<div align="center">

# Getting Started with Patra Model Card Toolkit

</div>

The Patra Toolkit is a component of the Patra ModelCards framework designed to simplify the process of creating and documenting AI/ML models. It provides a structured schema that guides users in providing essential information about their models, including details about the model's purpose, development process, and performance. The toolkit also includes features for semi-automating the capture of key information, such as fairness and explainability metrics, through integrated analysis tools. By reducing the manual effort involved in creating model cards, the Patra Toolkit encourages researchers and developers to adopt best practices for documenting their models, ultimately contributing to greater transparency and accountability in AI/ML development.
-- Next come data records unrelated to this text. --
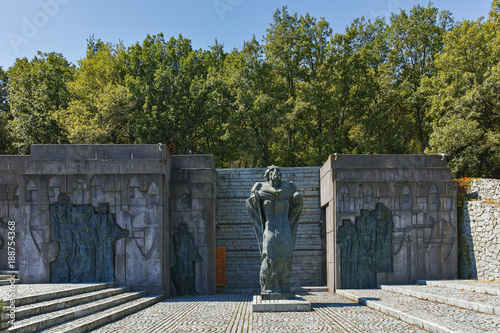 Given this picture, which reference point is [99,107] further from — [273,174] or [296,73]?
[273,174]

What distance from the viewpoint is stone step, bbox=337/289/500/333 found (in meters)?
7.14

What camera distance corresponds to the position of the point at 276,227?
10750mm

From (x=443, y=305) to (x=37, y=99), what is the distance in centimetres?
2478

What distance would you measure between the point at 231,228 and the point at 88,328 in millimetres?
9824

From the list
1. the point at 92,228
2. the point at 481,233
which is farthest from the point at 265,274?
the point at 481,233

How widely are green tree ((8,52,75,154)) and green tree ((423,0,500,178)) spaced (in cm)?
1912

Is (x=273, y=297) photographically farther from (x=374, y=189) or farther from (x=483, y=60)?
(x=483, y=60)

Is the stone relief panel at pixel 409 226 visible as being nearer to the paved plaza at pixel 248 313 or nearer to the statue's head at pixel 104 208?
the paved plaza at pixel 248 313

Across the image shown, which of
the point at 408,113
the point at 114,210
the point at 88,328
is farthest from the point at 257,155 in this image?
the point at 88,328

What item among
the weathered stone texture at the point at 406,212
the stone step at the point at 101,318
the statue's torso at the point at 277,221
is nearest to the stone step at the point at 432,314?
the statue's torso at the point at 277,221

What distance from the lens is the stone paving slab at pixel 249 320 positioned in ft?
26.4

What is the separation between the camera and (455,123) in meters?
19.6

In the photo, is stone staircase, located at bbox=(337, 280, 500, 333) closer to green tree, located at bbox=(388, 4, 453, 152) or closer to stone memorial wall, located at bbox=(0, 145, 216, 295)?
stone memorial wall, located at bbox=(0, 145, 216, 295)

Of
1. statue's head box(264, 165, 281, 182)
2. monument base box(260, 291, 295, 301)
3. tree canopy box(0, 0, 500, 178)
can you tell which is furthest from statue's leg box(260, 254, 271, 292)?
tree canopy box(0, 0, 500, 178) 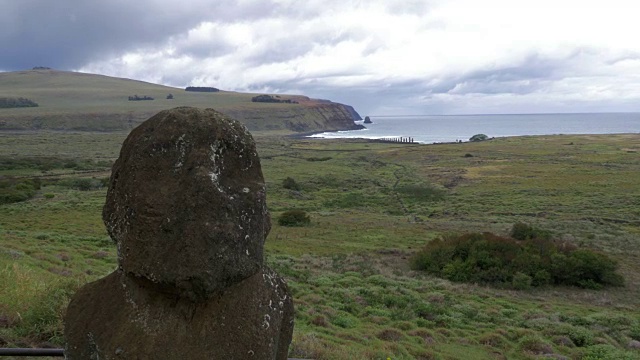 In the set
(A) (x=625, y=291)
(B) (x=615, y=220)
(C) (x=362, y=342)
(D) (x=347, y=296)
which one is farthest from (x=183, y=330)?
(B) (x=615, y=220)

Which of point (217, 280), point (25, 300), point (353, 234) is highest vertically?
point (217, 280)

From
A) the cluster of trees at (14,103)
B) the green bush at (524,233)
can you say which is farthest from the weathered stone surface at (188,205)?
the cluster of trees at (14,103)

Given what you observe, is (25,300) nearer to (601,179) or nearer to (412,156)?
(601,179)

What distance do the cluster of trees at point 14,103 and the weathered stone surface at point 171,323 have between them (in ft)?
634

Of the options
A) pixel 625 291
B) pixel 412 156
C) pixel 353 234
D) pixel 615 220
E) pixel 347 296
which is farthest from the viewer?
pixel 412 156

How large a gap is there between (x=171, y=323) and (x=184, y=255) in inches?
22.5

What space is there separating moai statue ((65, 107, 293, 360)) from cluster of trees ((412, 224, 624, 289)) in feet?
56.6

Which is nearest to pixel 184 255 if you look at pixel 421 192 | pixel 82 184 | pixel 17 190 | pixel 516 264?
pixel 516 264

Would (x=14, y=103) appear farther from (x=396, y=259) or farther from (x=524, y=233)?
(x=524, y=233)

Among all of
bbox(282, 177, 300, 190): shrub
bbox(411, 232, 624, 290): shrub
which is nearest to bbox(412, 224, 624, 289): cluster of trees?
bbox(411, 232, 624, 290): shrub

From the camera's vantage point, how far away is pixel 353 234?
29.8m

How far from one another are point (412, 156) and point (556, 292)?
225 feet

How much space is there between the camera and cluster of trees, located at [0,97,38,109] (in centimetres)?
17012

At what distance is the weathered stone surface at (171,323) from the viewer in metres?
3.91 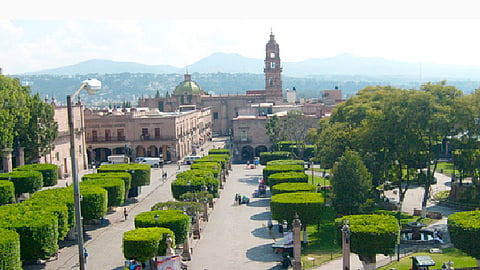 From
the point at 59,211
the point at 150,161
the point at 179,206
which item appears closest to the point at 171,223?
the point at 179,206

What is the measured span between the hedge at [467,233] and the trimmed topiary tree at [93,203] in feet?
71.2

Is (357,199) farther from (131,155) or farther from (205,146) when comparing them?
(205,146)

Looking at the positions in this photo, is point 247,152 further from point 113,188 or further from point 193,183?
point 113,188

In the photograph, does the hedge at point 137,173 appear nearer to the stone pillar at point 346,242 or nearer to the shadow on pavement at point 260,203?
the shadow on pavement at point 260,203

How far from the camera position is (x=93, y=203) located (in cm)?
3634

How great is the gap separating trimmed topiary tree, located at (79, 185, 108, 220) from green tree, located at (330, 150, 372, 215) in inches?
615

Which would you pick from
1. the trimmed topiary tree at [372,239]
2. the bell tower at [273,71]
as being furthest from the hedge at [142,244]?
the bell tower at [273,71]

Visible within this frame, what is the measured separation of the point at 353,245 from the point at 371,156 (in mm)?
16252

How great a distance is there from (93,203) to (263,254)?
1183cm

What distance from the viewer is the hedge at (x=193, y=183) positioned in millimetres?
43812

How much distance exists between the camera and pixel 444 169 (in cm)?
6738

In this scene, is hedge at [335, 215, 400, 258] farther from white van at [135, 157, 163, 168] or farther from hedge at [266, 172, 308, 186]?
white van at [135, 157, 163, 168]

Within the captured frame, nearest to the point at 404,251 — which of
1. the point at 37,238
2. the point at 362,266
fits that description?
the point at 362,266

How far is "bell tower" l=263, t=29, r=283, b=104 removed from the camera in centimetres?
10912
The Patra Toolkit embeds transparency and governance directly into the training workflow. Integrated scanners collect essential metadata—data sources, fairness metrics, and explainability insights—during model training and then generate a machine‑actionable JSON model card. These cards plug into the Patra Knowledge Base for rich queries on provenance, version history, and auditing. Flexible back‑ends publish models and artifacts to repositories such as Hugging Face or GitHub, automatically recording lineage links to trace every model’s evolution.


---

This notebook demonstrates:

1. **Loading & Preprocessing** the UCI Adult Dataset  
2. **Training** a simple TensorFlow model  
3. **Creating a Model Card** with optional Fairness and XAI scans  
4. **Submitting** the Model Card (and optionally the model, inference label, and artifacts) to:
   - **Patra server** (for model card storage)  
   - **Backend** (Hugging Face or GitHub) for model storage

---

## 1. Environment Setup

In [None]:
!pip install patra-toolkit

In [None]:
!pip install numpy pandas tensorflow scikit-learn

In [2]:
import logging

# logging.basicConfig(level=logging.INFO)
logging.getLogger("absl").setLevel(logging.ERROR)
logging.getLogger("huggingface_hub").setLevel(logging.ERROR)
logging.getLogger("PyGithub").setLevel(logging.ERROR)

import pandas as pd
import tensorflow as tf
from sklearn.model_selection import train_test_split
from sklearn.preprocessing import LabelEncoder

from patra_toolkit import ModelCard, AIModel

## 2. Load and Pre-process the Data

We'll use the **UCI Adult Dataset**, which predicts whether an individual's income is above or below $50K based on demographics. This dataset is a common benchmark for exploring model fairness.

In [3]:
# Download UCI Adult dataset
import pandas as pd
from sklearn.preprocessing import LabelEncoder
from sklearn.model_selection import train_test_split

# Download the dataset
url = "https://archive.ics.uci.edu/ml/machine-learning-databases/adult/adult.data"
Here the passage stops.